■ REQUIREMENT:
Every record needs to come back as written, except for the pictures.

---- DATASET RECORDS

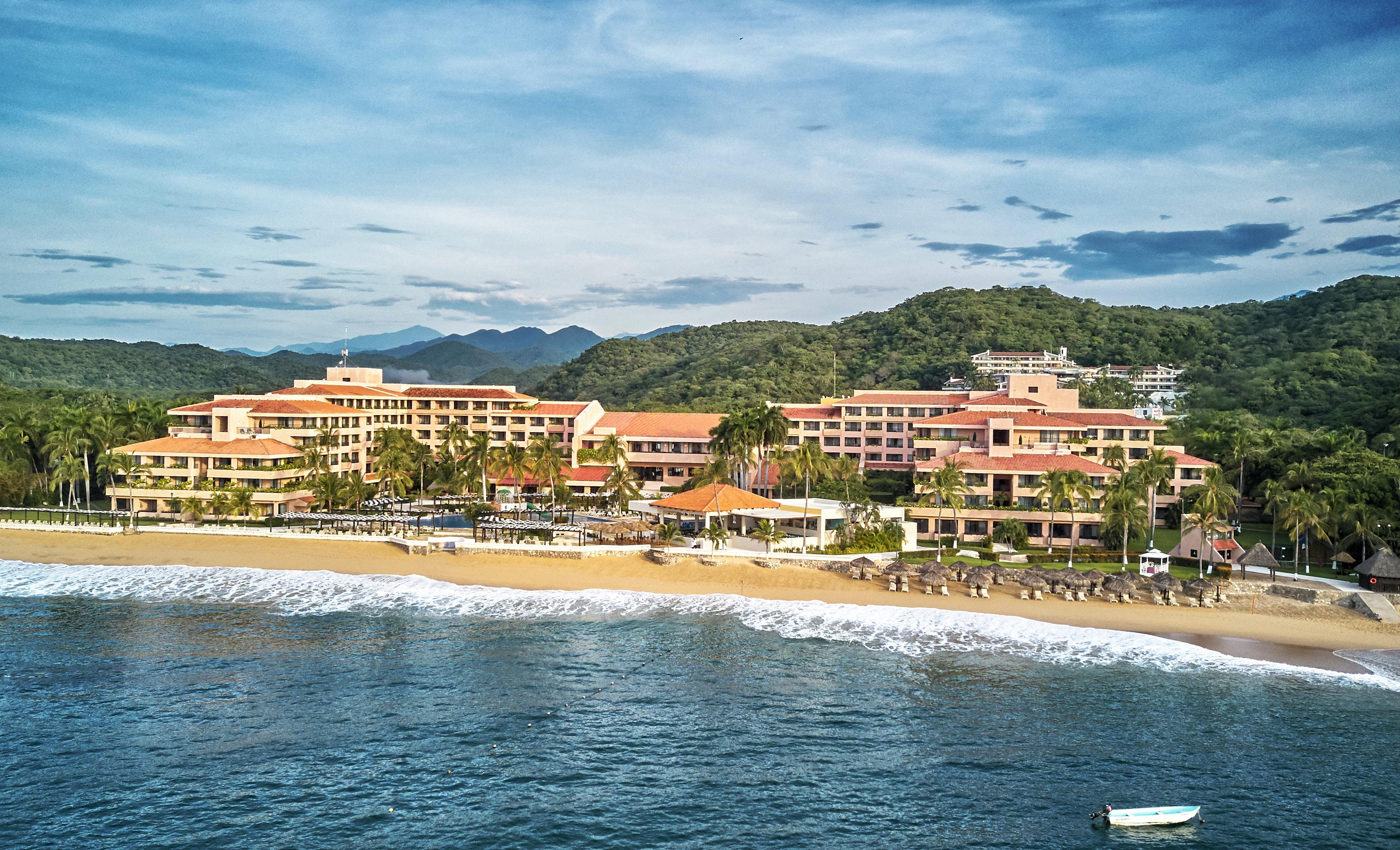 Barcelo Huatulco Resort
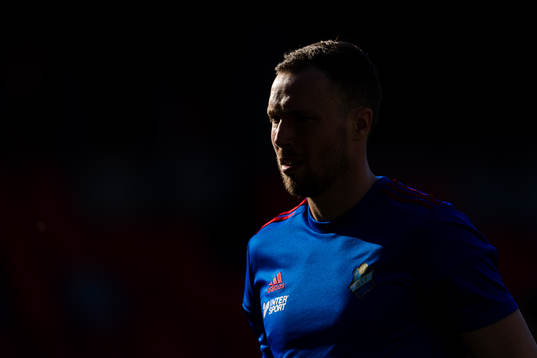 Östers målvakt Robin Malmkvist värmer upp före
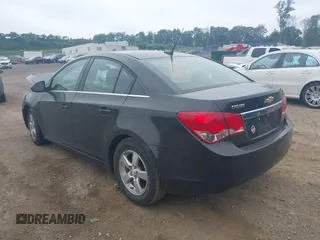 2014 Chevrolet Cruze 1LT z VIN 1G1PC5SB1E7136307, wystawiony jako IAAI lot #42544810 z przebiegiem 113 073 mil mil oraz . Historia ofert i sprzedaży dostępna na DreamBid. Obrazek 3.
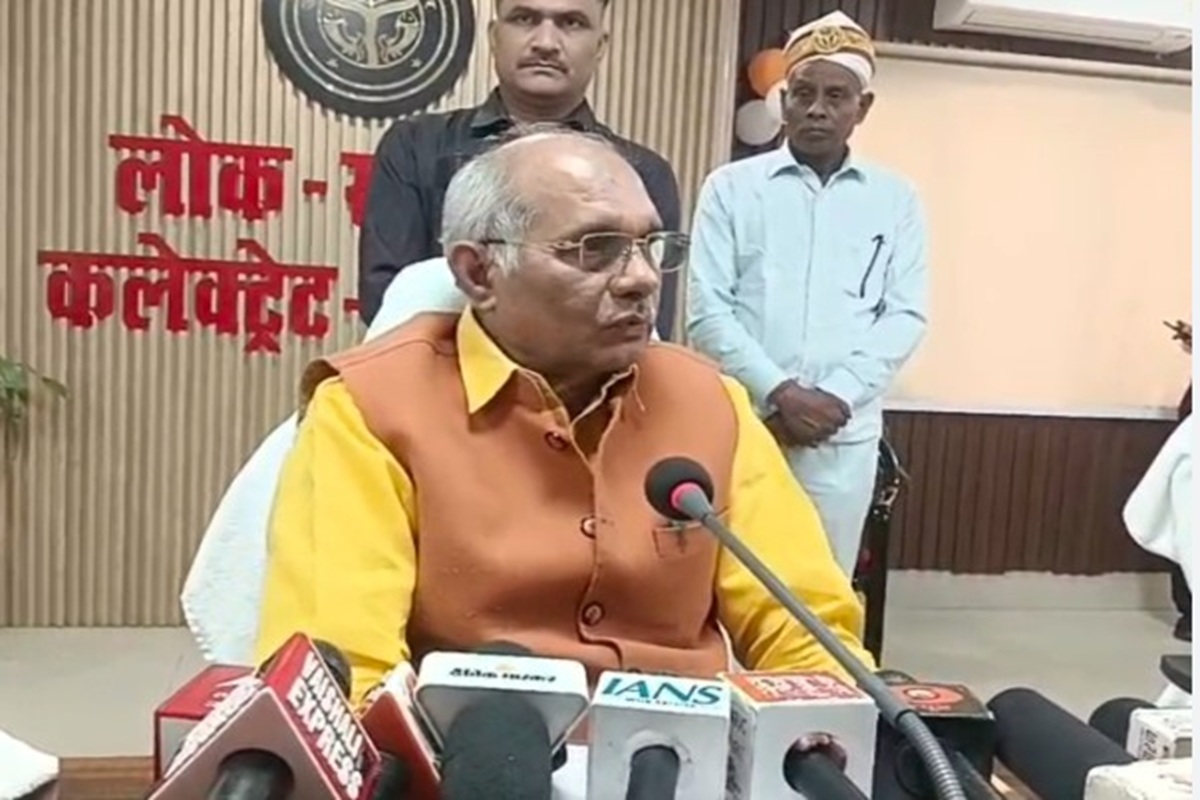 Shankaracharya Controversy: गौहत्या को लेकर झूठ बोल रहे स्वामी अविमुक्तेश्वरानंद सरस्वती! उप्र के पशुपालन मंत्री ने लगाए गंभीर आरोप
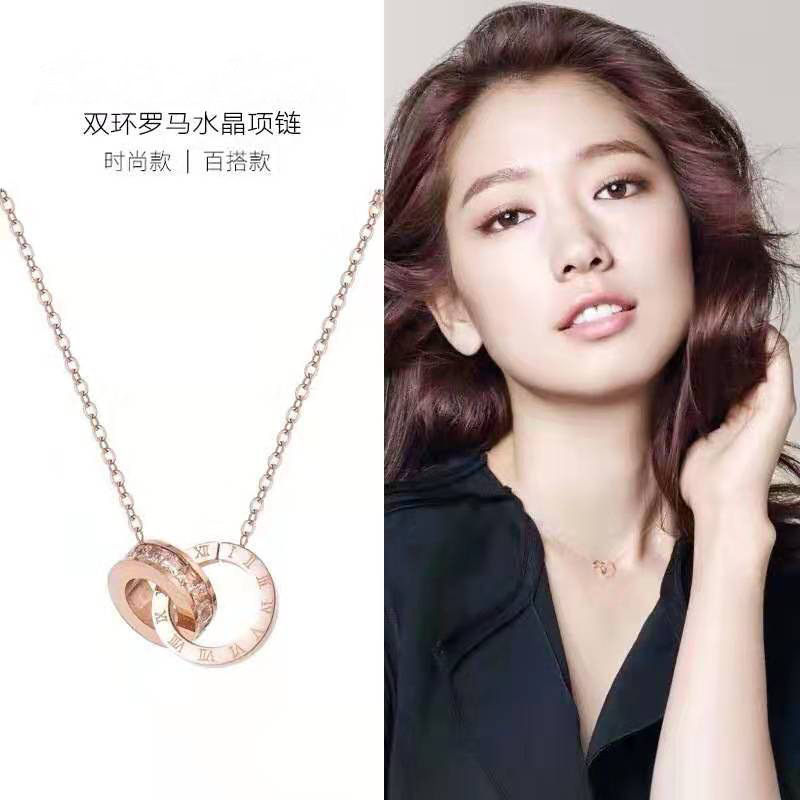 Silver Roman Numeral Double Ring Pendant Necklace – Minimalist Fashion Jewelry Supply / Wholesale Jewelry Making Supplies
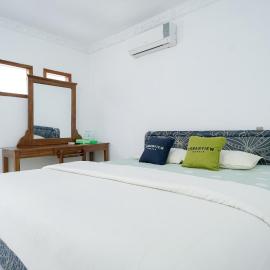 Urbanview Hotel Syariah Ratu Kuring Gisting by RedDoorz, hotel in Banjarnegeri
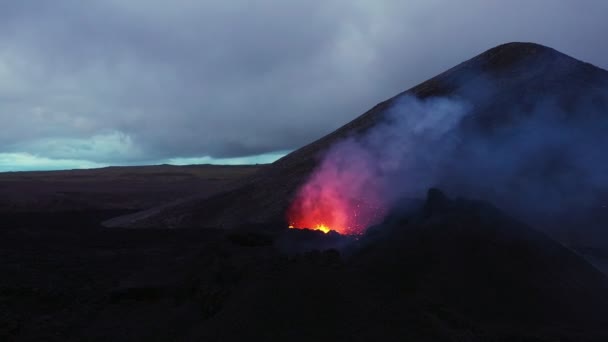 Панорамные Кадры Извержения Вулкана Мерадалир Исландия 2022 Запись Дрона Лава — стоковое видео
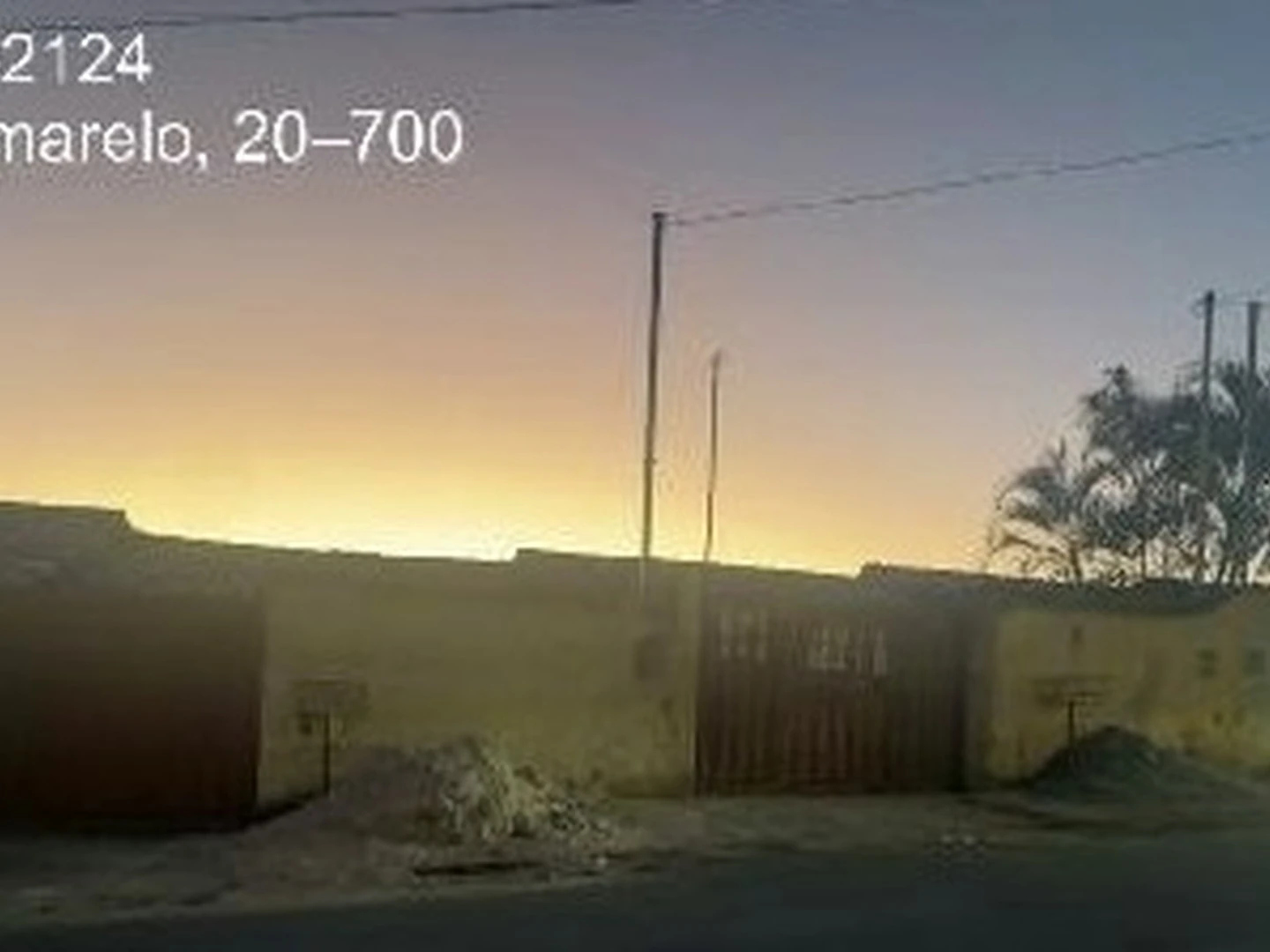 Casa - Esmeraldas, MG - foto 1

--------

■ WRITTEN SOLUTION:
 Barcelo Huatulco Resort
 Östers målvakt Robin Malmkvist värmer upp före
 2014 Chevrolet Cruze 1LT z VIN 1G1PC5SB1E7136307, wystawiony jako IAAI lot #42544810 z przebiegiem 113 073 mil mil oraz . Historia ofert i sprzedaży dostępna na DreamBid. Obrazek 3.
 Shankaracharya Controversy: गौहत्या को लेकर झूठ बोल रहे स्वामी अविमुक्तेश्वरानंद सरस्वती! उप्र के पशुपालन मंत्री ने लगाए गंभीर आरोप
 Silver Roman Numeral Double Ring Pendant Necklace – Minimalist Fashion Jewelry Supply / Wholesale Jewelry Making Supplies
 Urbanview Hotel Syariah Ratu Kuring Gisting by RedDoorz, hotel in Banjarnegeri
 Панорамные Кадры Извержения Вулкана Мерадалир Исландия 2022 Запись Дрона Лава — стоковое видео
 Casa - Esmeraldas, MG - foto 1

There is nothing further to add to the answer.